Digging Into Human Composting: The Facts and Process

Published November 30, 2020
Digging Into Human Composting

Many have used composting to turn leaves and grass or scraps from the food table into fertilizer to nourish the soil. As environmental issues and sustainability arguments continue to mount, many are wondering if human composting can be a viable option for the world's preservation. Before you decide on this process, take a look at some of the questions and issues involved in composting human bodies as an alternative to traditional burials.

Composting Human Bodies

Human bodies are made up of many organic elements which naturally decompose. Even buried bodies move toward decomposing in the wet soil. The carbon, water, and other chemicals are dispersed into nature to begin again the continuing life cycle of the planet. Because of technology, the place of humans in the structure of society, and the way humans bury their dead, humans are the only creatures that are not a natural part of the energy life cycle. Although everyone returns to dust eventually, for humans the process is delayed exponentially.

The Energy Life Cycle

Early science courses outline the process of the food chain and energy cycle. The sun provides energy to plants, causing them to grow and flourish. They continue until they are eaten by a rabbit. The rabbit is later eaten by a larger animal who is eventually also eaten. In the final stage of the process, the larger animal dies, decomposes and returns to the soil. This helps the plants grow, and the cycle begins again. Human composting seeks to reposition humans into the cycle.

Katrina Spade

The option for human composting began because of the efforts of a graduate student in architecture. Katrina Spade grew up in New Hampshire, not particularly religious, but viewed nature as spiritual in some way. She earned a Bachelor of Arts in anthropology from Haverford College. She began to focus on sustainable design, helping build a compost-based bioenergy system. While earning a Master of Architecture from the University of Massachusetts Amherst, she authored a thesis entitled "A Place for the Urban Dead."

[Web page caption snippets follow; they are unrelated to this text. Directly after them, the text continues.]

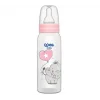 Nessiworld  Klasik PP Biberon 250 ml 852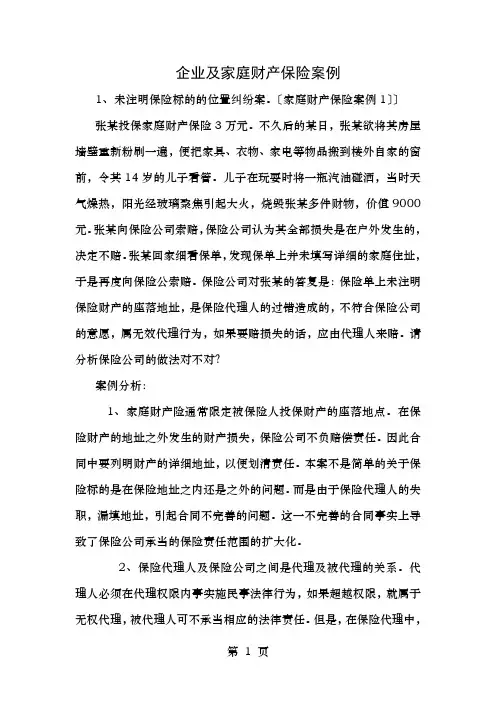 财产保险案例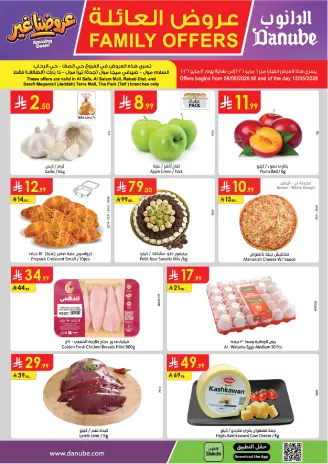 Ofertas de Danube Región Occidental de 19 a 25 Dhuʻl-Qiʻdah 1447 AH (6 – 12 mayo 2026) Ofertas familiares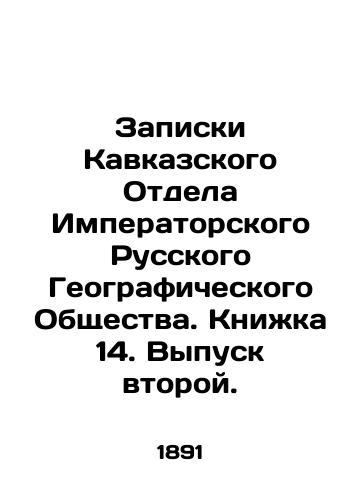 Zapiski Kavkazskogo Otdela Imperatorskogo Russkogo Geograficheskogo Obshchestva. Knizhka 14. Vypusk vtoroy./Notes from the Caucasus Department of the Imperial Russian Geographical Society. Book 14. Issue 2. In Russian (ask us if in doubt) - landofmagazines.com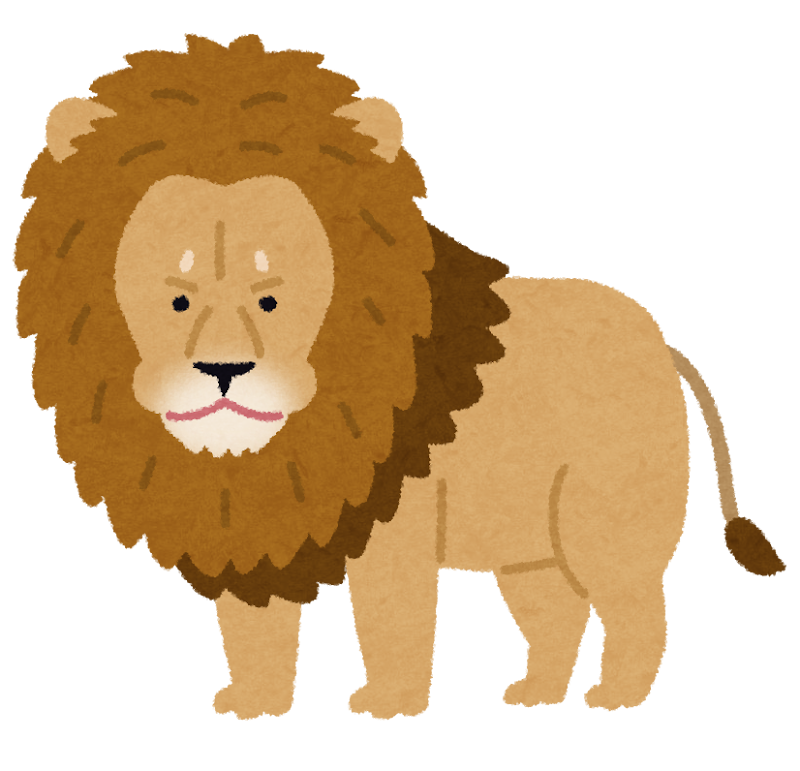 ライオンの画像 原寸画像検索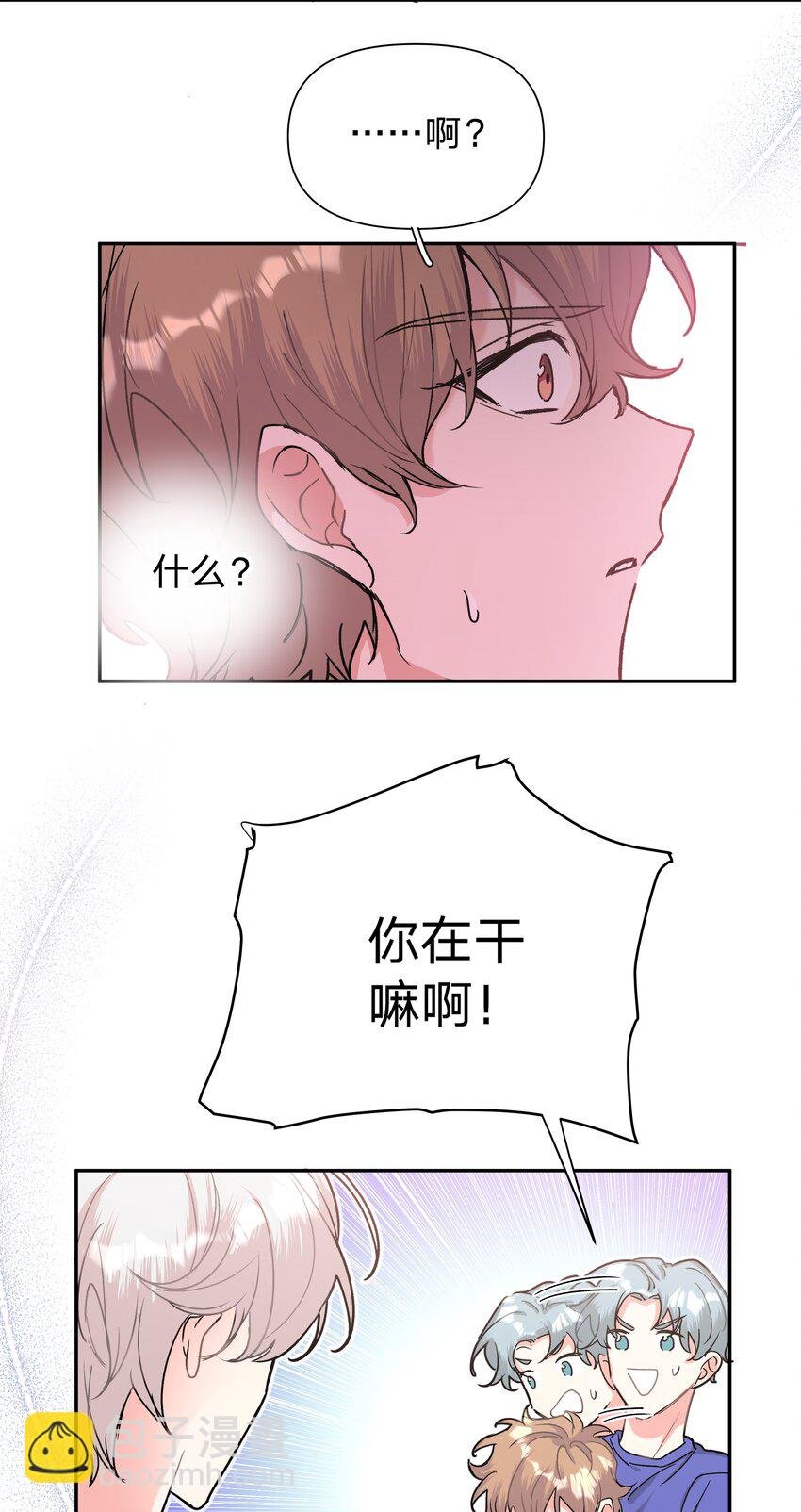 002 我们认识吗？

  • Spade wanted options for her own death that were environmentally sustainable and that allowed friends and family to participate in the care for their loved one.
  • She began to form ideas about the possibility of human composting when she learned about the practice of livestock composting.
  • Spade founded the Urban Death Project in 2014, focusing on developing a system of death care called recomposition, which transforms bodies into soil.
  • Following the ending of the Urban Death Project in 2018, Spade founded Recompose, a corporation to develop a process that converts human remains into soil. The company seeks to provide sustainable alternatives to natural burial, particularly for those who live in cities.

The Trend of Human Composting

The state of Washington has been leading the way in finding alternatives in burial that are sensitive to the needs of families and the needs of the environment. Often, the death that meets these standards is called a "good death."

  • The industry's Green Burial Council certifies green burial and the three kinds of cemeteries offering natural burial: hybrid, natural, and conservation burial grounds. The state of Washington has all three types of cemeteries. Human composting is a natural burial option seeking to find a more environmentally friendly way to dispose of the remains of a body.
  • A natural burial ground sets aside acres of landscape for use as a cemetery. Bodies are placed in shallow graves, often wrapped in biodegradable shrouds, allowing the body to decompose naturally, returning nutrients to the soil. Grave markers are natural stones. Seven conservation cemeteries are certified.
  • In 2015, there were more cremations than burials for the first time in United States history. Predictions have the process growing until it hits about 80% of the process. While better than burial, cremation still has some environmental issues, especially the amount of carbon dioxide released into the atmosphere.
  • Once the process is complete, family and friends of the departed are encouraged to take some or all of the soil and use it for their own gardens. The rest of the soil will be scattered for conservation purposes.
Green burial

Is Human Composting Legal?

There are many restrictive codes for composting of any kind, especially when done in the limits of a city. Although technically not illegal, human composting is restricted because of other laws and prohibitions. Human composting has been legal in Sweden since 2005, and interest is growing around the world. The process is also legal in the state of Washington, where the first plant owned by Recompose offering human composting as an option is set to be available in 2021.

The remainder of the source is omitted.